Selenium PhantomJS webdriver无法获取ajax内容

时间:2022-02-20 02:50:10

I am trying to scrape a page that loads most of its content via ajax.

我试图刮一个页面,通过ajax加载其大部分内容。

I am trying to grab all li nodes with a data-section attribute from this webpage, for example. The response html has six required nodes that I need, but the majority of the rest are loaded via an ajax request which returns html containing the remaining li nodes.

我试图从这个网页获取具有数据部分属性的所有li节点。响应html有六个我需要的节点,但其余大部分是通过ajax请求加载的,该请求返回包含剩余li节点的html。

So I switched from using requests to using selenium with PhantomJS driver a its supposed to be xhr friendly but I am not getting the extra ajax loaded content.

所以我从使用请求切换到使用selenium和PhantomJS驱动程序,它应该是xhr友好的,但我没有得到额外的ajax加载内容。

Runnable:

from selenium import webdriver
from lxml import html

br = webdriver.PhantomJS()
br.get(url)
tree = html.fromstring(br.page_source)
print tree.xpath('//li[@data-section]/a/text()')

In brief, above code cannot get html injected into the webpage via xhr. How can I make it do so? If not, what are my other headless options.

简而言之,上面的代码无法通过xhr将html注入到网页中。我怎么能这样做?如果没有,我的其他无头选择是什么。

1 个解决方案

#1


8  

The linked page prominently displays a loading spinner (.archive_loading_bar) which vanishes as soon as the data is loaded. You can use an explicit wait with the expected condition of invisibility_of_element_located.

链接页面突出显示加载微调器(.archive_loading_bar),一旦加载数据就会消失。您可以使用具有invisibility_of_element_located的预期条件的显式等待。

from selenium.webdriver.common.by import By
from selenium.webdriver.support.wait import WebDriverWait
from selenium.webdriver.support import expected_conditions as EC
from selenium import webdriver
from lxml import html

driver = webdriver.PhantomJS()
driver.get(url)
wait = WebDriverWait(driver, 10)
wait.until(EC.invisibility_of_element_located((By.CSS_SELECTOR, '.archive_loading_bar')))
tree = html.fromstring(driver.page_source)

This is adapted from this answer and waits up to 10 seconds or until the data is loaded.

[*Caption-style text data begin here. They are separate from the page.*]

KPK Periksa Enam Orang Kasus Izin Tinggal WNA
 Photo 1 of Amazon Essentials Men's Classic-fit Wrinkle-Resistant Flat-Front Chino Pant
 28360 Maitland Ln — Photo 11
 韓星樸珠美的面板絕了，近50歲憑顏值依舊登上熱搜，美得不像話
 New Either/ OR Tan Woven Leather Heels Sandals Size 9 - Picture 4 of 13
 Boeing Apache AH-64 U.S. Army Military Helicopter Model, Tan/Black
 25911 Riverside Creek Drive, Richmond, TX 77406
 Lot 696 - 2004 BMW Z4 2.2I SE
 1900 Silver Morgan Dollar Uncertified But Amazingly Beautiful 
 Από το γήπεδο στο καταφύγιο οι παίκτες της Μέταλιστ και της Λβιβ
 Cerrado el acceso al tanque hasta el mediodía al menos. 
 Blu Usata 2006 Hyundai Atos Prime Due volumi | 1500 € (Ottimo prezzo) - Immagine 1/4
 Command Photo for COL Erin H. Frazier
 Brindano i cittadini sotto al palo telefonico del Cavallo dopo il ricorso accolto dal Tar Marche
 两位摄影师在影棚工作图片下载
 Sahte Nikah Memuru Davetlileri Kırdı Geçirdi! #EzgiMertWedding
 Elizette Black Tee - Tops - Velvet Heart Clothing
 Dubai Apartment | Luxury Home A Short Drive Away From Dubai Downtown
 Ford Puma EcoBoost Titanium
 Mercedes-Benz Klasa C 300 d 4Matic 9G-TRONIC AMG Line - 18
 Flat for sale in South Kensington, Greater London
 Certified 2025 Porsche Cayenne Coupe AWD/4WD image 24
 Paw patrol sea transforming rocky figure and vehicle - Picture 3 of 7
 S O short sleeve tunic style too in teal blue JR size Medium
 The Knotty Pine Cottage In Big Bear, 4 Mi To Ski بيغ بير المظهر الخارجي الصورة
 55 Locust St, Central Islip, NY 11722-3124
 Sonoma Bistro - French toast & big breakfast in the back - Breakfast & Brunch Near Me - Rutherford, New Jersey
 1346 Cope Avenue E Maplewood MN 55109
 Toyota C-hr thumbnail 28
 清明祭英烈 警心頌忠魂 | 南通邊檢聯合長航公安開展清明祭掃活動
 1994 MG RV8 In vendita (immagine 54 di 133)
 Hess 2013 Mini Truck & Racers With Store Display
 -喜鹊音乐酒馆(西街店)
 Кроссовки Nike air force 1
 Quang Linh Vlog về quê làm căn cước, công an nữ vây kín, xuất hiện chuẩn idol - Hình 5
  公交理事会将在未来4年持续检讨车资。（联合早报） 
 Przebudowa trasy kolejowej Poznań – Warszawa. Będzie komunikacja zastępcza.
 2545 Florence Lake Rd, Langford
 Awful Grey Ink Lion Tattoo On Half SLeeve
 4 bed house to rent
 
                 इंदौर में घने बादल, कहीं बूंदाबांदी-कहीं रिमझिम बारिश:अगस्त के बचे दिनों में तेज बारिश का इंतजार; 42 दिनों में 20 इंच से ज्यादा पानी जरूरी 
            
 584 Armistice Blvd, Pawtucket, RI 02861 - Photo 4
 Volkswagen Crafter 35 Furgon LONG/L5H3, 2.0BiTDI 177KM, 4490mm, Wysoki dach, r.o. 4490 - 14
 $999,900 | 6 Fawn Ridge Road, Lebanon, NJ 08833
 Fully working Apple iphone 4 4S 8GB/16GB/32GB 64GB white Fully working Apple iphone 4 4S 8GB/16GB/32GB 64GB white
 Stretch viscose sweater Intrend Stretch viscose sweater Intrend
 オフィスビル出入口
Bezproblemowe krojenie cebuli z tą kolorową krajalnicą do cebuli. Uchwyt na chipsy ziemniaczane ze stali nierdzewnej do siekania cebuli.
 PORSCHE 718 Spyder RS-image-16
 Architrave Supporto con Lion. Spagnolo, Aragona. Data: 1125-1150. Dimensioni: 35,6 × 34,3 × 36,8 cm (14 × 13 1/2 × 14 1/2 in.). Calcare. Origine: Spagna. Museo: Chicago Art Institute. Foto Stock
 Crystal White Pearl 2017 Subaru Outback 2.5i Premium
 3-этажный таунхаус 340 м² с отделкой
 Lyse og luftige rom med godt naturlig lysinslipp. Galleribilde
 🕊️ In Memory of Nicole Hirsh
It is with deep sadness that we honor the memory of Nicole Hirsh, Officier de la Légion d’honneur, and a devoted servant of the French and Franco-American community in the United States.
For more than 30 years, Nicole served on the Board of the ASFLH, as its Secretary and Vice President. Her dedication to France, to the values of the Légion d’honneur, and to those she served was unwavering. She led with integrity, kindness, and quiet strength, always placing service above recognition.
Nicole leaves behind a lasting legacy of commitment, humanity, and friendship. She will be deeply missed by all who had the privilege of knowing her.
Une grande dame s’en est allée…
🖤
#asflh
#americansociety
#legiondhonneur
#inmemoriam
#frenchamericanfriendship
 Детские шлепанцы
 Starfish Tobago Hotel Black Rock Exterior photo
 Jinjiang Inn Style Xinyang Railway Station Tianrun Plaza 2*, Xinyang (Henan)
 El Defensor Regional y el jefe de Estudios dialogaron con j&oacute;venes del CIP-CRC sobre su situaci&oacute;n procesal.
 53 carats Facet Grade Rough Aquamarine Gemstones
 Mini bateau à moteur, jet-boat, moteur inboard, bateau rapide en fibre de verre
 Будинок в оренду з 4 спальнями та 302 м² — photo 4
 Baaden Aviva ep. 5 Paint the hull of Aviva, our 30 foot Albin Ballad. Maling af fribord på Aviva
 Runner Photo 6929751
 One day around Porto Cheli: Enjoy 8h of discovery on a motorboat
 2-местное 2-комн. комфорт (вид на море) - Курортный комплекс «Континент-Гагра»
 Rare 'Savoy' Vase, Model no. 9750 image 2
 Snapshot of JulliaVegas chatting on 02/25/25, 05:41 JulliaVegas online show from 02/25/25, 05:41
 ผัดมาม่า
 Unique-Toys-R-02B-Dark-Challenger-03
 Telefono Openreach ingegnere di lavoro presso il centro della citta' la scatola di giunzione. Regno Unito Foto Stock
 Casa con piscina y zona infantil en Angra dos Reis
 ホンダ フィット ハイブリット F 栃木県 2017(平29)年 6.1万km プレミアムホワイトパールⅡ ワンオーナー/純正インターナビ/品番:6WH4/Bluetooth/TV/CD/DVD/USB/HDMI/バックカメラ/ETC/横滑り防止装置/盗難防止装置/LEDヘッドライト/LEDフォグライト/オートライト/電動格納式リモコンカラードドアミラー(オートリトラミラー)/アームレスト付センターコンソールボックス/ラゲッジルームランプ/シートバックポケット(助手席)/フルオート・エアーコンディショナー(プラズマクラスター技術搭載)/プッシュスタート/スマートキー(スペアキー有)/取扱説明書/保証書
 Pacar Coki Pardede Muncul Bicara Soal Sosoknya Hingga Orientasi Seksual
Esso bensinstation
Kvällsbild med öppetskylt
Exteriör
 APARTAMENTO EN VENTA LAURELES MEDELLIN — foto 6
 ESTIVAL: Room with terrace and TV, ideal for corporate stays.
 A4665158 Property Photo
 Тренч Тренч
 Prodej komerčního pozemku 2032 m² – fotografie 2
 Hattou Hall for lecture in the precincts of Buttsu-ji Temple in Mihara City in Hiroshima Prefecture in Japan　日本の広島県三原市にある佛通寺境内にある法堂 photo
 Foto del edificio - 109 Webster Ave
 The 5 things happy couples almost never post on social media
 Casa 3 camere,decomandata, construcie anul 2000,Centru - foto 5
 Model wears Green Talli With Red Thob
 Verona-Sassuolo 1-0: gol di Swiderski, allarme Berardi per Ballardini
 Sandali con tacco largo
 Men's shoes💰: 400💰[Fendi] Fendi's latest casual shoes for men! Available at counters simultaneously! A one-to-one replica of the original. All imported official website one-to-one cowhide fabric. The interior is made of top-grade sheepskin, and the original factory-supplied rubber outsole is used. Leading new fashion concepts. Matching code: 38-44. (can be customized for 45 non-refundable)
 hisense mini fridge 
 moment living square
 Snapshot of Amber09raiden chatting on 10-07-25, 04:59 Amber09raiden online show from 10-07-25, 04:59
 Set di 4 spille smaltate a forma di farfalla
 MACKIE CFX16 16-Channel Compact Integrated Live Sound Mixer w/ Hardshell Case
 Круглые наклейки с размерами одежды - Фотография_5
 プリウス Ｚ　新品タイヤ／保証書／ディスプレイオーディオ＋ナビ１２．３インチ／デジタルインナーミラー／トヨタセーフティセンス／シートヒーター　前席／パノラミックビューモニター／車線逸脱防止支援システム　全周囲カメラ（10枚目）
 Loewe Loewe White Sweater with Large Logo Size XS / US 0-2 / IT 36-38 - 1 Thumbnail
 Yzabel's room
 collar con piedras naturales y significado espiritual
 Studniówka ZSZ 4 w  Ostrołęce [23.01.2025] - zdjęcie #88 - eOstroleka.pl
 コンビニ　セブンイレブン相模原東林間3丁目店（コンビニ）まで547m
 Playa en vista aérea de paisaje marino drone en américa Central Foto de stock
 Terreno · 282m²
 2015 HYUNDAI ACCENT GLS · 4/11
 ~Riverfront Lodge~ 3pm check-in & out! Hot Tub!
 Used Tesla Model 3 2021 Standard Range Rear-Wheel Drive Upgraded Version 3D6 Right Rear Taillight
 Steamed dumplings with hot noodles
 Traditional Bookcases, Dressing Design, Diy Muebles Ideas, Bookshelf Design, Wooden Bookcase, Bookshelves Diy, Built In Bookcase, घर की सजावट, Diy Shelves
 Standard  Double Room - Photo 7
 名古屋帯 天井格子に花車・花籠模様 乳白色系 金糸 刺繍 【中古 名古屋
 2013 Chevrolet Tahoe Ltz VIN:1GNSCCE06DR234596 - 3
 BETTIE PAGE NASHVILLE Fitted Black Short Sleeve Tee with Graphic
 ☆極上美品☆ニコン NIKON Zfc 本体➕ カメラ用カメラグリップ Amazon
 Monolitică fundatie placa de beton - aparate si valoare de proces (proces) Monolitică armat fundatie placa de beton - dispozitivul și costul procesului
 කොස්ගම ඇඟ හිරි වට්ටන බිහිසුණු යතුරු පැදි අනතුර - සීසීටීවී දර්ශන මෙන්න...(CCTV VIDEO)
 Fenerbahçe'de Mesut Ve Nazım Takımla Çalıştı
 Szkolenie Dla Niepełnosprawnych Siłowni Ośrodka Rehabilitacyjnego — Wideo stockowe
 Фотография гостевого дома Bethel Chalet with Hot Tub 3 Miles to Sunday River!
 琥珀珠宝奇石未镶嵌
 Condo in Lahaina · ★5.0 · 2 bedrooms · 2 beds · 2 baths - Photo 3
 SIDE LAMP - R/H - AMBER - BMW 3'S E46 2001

这是从这个答案改编而来,等待最多10秒或直到数据加载。

#1


8  

The linked page prominently displays a loading spinner (.archive_loading_bar) which vanishes as soon as the data is loaded. You can use an explicit wait with the expected condition of invisibility_of_element_located.

链接页面突出显示加载微调器(.archive_loading_bar),一旦加载数据就会消失。您可以使用具有invisibility_of_element_located的预期条件的显式等待。

from selenium.webdriver.common.by import By
from selenium.webdriver.support.wait import WebDriverWait
from selenium.webdriver.support import expected_conditions as EC
from selenium import webdriver
from lxml import html

driver = webdriver.PhantomJS()
driver.get(url)
wait = WebDriverWait(driver, 10)
wait.until(EC.invisibility_of_element_located((By.CSS_SELECTOR, '.archive_loading_bar')))
tree = html.fromstring(driver.page_source)

This is adapted from this answer and waits up to 10 seconds or until the data is loaded.

这是从这个答案改编而来,等待最多10秒或直到数据加载。